**Given:** E_{1} and E_{2 }are two events such that P(E_{1}) = \(\frac{1}{3}\) and P(E_{2}) = \(\frac{3}{5}\)

**To Find: **

**(i) **P(E_{1} ∪ E_{2}) when E_{1} and E_{2} are mutually exclusive.

We know that,

When two events are mutually exclusive P(E_{1 }∩ E_{2}) = 0

**Hence,** P(E_{1 }∪ E_{2}) = P(E_{1}) + P(E_{2})

= \(\frac{1}{3}+\frac{3}{5}\)

= \(\frac{14}{15}\)

**Therefore , **P(E_{1} ∪ E_{2}) = \(\frac{14}{15}\) when E_{1} and E_{2} are mutually exclusive.

**(ii) **P(E_{1} ∩ E_{2}) when E_{1} and E_{2} are independent.

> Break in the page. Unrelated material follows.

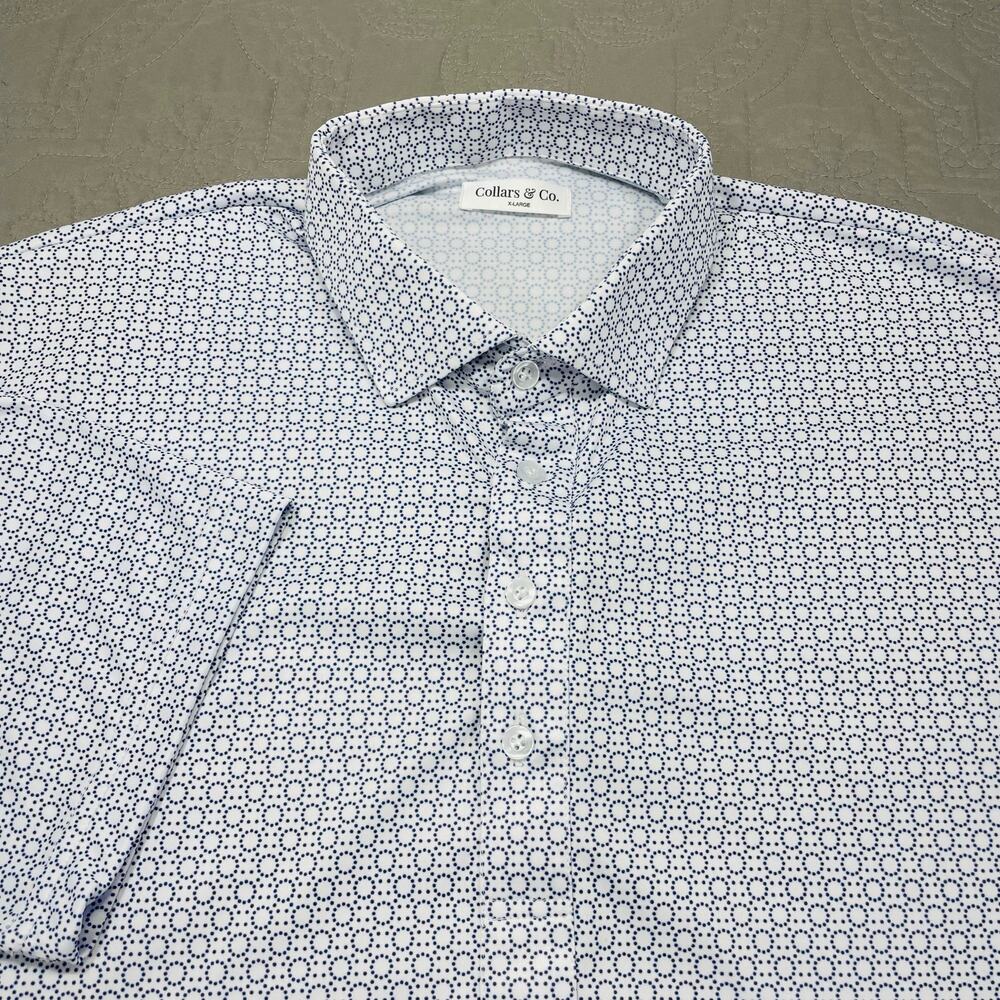 Collars & Co Polo Shirt Mens X Large White Dot geometric Performance Tech Dress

We know that when E_{1} and E_{2} are independent ,

P(E_{1} ∩ E_{2}) = P(E_{1}) x P(E_{2})

= \(\frac{1}{3}\times \frac{3}{5}\)

= \(\frac{1}{5}\)

**Therefore, **P(E_{1} ∩ E_{2}) = \(\frac{1}{5}\) when E_{1 }and E_{2} are independent.